Ringfort (Rath), Rahanane, Co. Kerry
Co. Kerry |
Ringforts
A D-shaped earthen enclosure sitting on a south-east-facing slope in County Kerry is an unassuming thing at first glance, just a low ridge of pasture ground with a raised interior and a modest bank running along its straight south-western side.
But this rath, a type of enclosed farmstead built during the early medieval period, typically between the fifth and twelfth centuries, carries a name that connects it not to some ancient chieftain or ecclesiastical patron but to a relatively recent local resident, a man called Darby Hayes.
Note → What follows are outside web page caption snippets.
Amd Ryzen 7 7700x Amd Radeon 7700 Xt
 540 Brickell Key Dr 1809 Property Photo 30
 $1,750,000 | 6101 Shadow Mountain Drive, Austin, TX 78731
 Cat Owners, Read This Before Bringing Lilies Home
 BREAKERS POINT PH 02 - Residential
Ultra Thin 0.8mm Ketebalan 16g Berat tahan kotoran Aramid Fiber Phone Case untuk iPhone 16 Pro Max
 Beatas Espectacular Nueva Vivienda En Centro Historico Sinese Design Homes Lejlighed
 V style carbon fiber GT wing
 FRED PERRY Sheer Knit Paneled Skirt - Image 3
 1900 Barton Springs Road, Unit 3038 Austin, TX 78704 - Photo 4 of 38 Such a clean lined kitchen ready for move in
When Ordnance Survey fieldworkers passed through the area in the 1840s, they noted that the fort had taken its name from Hayes, who had formerly lived at its foot. The detail was recorded in the Ordnance Survey Name Books for Kilcummin parish, which gathered local place-name lore alongside topographical observations. It is a small but telling survival: evidence that folk memory was attaching personal names to ancient monuments even as formal surveying was beginning to document them. The rath itself is modest in scale, roughly eighteen metres across on its north-east to south-west axis, with an earthen bank about three metres wide and standing less than a metre in height on either face. Inside, two conjoined hut sites are still visible, the kind of sunken or embanked domestic structures that would have sheltered inhabitants and perhaps livestock within the enclosure during its working life.